Daniel Mainye is an accomplished software engineer and an expert in the digital space and technology. He is the Business Manager at Cytonn Investments and vice curator in Global Shapers, a world Forum Initiative mandated with shaping Nairobi into an attractive investment destination and residential environment. He also serves as an advisory council member in the Presidential Digital Talent Programme and executive committee member of the Africa Rising Initiative.
When did the presidential digital talent program start and what is it all about?
When I started working at Seven Seas, it faced difficulties recruiting graduates who could apply the knowledge they had learnt in class.
Not long ago, I had faced the same challenges as these recruits. Most of my studied computer science lectures at the university were theoretical hence; I had faced challenges when transitioning into the job market.
My employer saw the need to train graduates and even students in learning institutions on how they could become more marketable for the job market. This background made me a suitable candidate to spearhead the presidential digital talent programme.
The ICT Authority realised that for the project to succeed, they (needed) the private sector on board. Government services had gained a reputation of being the slowest and a technology update was going to be a big game changer.
Some of the partners involved included representatives of the Microsoft, SAP skills for Africa program, Google, Oracle, Techno Brain, Dell and Seven Seas who would take in students and run them through their programs before the government absorbed them. The fourth cohort was launched two weeks ago
What are the requirements for students joining the programme?
The potential candidate must have an IT background. They are then taken through a series of vigorous interviews just to determine the best candidates for the one-year internship programme.
Our first intake received at least 5,000 applications that was narrowed down to a cohort of 100 that included members from marginalised societies from across the country.
The program was divided into two.
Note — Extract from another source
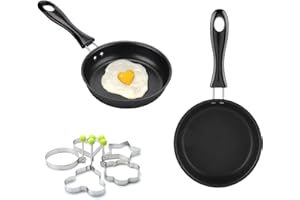 HEXINYIGJLY Lot de 2 mini-poêles 12 cm,antiadhésives, petite poêle à induction, petite poêle à œufs,mini-poêles à œufs, poêl e à œuf au plat pour cuisinière à gaz,induction,avec 2 brosses et 4 moules à œuf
First, the recruits were first given a month of induction to acquaint them with the ministries they would eventually serve. After that, they were placed in the private sector for three months to also learn its workings.
Part of the programme entailed the students learning about the private sector and implementing (the lessons) in government.
What are some of the challenges facing this initiative?
I remember that 14 recruits from the first cohort fell to the temptation of being employed in jobs that offered more than the Sh20,000 stipend we were offering. As a result, they dropped off before the before the programme was complete.
Instead of focusing on career, some students focus on money, which I believe, lays the wrong foundation. I think one should establish their career first and gain experience before obsessing over money.
Some would get slight monetary increments and disappear from an opportunity of mentorship from leading decision makers of great companies and certificates of participation.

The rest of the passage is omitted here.